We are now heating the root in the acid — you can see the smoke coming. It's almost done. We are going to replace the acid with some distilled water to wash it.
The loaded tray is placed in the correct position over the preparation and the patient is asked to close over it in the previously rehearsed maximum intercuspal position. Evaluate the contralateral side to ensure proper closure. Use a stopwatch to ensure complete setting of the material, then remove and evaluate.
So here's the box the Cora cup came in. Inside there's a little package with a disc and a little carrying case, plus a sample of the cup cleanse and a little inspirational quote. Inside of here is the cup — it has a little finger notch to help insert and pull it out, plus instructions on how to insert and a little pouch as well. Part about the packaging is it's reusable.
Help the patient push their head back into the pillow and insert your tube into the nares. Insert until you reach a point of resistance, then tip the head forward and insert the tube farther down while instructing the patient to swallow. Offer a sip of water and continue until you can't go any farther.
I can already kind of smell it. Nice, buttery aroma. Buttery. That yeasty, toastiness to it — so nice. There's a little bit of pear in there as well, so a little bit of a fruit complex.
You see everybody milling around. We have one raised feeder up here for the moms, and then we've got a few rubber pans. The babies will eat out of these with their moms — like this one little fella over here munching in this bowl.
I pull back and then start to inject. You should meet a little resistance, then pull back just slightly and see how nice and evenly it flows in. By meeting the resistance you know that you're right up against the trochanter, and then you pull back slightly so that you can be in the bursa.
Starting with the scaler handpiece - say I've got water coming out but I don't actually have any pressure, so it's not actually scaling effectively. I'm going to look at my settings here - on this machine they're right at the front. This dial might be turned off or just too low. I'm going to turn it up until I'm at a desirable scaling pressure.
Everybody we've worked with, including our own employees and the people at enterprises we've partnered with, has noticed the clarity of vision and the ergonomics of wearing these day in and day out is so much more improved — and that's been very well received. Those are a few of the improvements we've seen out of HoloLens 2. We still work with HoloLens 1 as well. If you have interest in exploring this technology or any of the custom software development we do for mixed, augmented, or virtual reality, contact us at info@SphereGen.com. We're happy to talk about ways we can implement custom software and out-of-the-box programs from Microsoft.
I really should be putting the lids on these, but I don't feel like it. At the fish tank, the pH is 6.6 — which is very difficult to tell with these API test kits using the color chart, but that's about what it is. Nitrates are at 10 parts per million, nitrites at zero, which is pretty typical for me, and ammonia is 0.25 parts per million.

Your goal>
From the line containing "I pull back" to the last line above, repeat every line exactly and nothing else.

Result below>
I pull back and then start to inject. You should meet a little resistance, then pull back just slightly and see how nice and evenly it flows in. By meeting the resistance you know that you're right up against the trochanter, and then you pull back slightly so that you can be in the bursa.
Starting with the scaler handpiece - say I've got water coming out but I don't actually have any pressure, so it's not actually scaling effectively. I'm going to look at my settings here - on this machine they're right at the front. This dial might be turned off or just too low. I'm going to turn it up until I'm at a desirable scaling pressure.
Everybody we've worked with, including our own employees and the people at enterprises we've partnered with, has noticed the clarity of vision and the ergonomics of wearing these day in and day out is so much more improved — and that's been very well received. Those are a few of the improvements we've seen out of HoloLens 2. We still work with HoloLens 1 as well. If you have interest in exploring this technology or any of the custom software development we do for mixed, augmented, or virtual reality, contact us at info@SphereGen.com. We're happy to talk about ways we can implement custom software and out-of-the-box programs from Microsoft.
I really should be putting the lids on these, but I don't feel like it. At the fish tank, the pH is 6.6 — which is very difficult to tell with these API test kits using the color chart, but that's about what it is. Nitrates are at 10 parts per million, nitrites at zero, which is pretty typical for me, and ammonia is 0.25 parts per million.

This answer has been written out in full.